2017/11/21 北海道新聞朝刊 朝の食卓

なんか変だな 長沼 修

 ファイターズ球団が新球場を建てるという構想が発表されてからもう1年半になる。新球場の場所については、
あっちだこっちだと連日メディアをにぎわすが、その採算性や莫大な資金対応など、計画の軸となる部分は全く見えてこない。
 さらに最近の報道では、球団は札幌市に対し、真駒内地区について提案してほしいと要望しているようだ。
どうして札幌市が提案するのだろう。なんか変だなと思う。
 もちろん、プロ野球は多くの市民に喜びを与えているが、営利が絡む以上、他の娯楽施設と同じように、
利益を得る企業が自分で計画し準備をするのが当然だ。
またプロ野球は地域への貢献もしているが、球団を所有する親会社の宣伝媒体であるという本質は変わらない。

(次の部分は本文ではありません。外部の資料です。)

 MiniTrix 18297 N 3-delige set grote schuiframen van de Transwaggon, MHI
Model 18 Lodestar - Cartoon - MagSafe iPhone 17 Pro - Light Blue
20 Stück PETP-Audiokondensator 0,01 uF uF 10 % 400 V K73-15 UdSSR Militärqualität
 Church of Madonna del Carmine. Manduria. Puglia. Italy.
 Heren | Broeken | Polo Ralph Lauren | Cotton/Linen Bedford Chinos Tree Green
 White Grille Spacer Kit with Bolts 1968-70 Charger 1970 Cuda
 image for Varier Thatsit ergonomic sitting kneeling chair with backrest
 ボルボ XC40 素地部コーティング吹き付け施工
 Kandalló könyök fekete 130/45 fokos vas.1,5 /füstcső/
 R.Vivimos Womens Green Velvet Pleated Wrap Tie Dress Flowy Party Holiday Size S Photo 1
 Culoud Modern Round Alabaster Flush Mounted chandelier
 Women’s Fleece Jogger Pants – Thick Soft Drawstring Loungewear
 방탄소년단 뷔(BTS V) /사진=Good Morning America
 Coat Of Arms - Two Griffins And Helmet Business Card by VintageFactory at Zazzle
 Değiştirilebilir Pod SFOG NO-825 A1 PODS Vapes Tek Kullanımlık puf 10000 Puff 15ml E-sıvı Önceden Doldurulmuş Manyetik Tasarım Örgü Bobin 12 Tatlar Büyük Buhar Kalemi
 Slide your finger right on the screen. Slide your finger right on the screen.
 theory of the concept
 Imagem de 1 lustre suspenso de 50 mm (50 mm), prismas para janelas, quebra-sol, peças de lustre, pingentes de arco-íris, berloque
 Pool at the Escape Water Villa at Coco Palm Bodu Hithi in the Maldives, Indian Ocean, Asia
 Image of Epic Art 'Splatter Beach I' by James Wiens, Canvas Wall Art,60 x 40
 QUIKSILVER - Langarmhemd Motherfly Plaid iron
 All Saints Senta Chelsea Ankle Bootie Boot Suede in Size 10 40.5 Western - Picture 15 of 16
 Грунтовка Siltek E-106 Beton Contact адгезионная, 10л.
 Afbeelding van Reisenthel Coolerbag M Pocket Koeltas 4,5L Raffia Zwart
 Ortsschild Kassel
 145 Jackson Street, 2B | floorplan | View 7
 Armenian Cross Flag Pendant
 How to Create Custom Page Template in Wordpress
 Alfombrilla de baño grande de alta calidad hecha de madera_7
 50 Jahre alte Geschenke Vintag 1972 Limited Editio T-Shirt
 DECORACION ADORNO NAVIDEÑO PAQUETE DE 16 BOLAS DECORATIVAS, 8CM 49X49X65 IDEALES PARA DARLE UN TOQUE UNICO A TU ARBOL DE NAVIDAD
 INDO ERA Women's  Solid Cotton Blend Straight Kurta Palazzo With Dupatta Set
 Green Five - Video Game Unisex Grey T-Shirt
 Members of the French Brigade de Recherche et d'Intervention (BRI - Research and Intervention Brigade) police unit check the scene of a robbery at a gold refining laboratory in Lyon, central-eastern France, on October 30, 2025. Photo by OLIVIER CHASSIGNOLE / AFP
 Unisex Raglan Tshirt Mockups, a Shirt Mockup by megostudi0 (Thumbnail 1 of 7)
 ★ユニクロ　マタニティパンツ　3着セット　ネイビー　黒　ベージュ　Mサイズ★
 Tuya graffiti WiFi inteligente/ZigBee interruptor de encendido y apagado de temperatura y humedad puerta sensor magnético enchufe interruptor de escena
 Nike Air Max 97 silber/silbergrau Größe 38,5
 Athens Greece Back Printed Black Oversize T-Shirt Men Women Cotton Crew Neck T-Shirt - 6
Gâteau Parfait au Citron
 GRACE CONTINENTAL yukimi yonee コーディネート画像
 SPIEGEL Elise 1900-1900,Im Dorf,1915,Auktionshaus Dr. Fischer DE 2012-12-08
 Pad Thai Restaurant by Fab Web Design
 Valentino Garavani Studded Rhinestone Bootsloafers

 現在のドームは多目的施設であるため使い勝手に問題があるという。
私はこの6月まで札幌ドームの社長をしていたが、野球を楽しめないほどの欠陥があるようには思えないし、
輝かしいチームの実績もある。傾斜が急だと指摘された階段も、北広島に通い、また真駒内公園まで歩くことを考えるとまだましだ。
 新球場は誰にとって必要なのか。札幌市民は大きな負担を背負ってまで本当に新しいドーム球場を必要としているのか。
今や、球団はもちろんのこと、札幌市と球団を所有する親会社の双方も、
この問題について詳しく説明する必要があるのではないか、という市民は多い。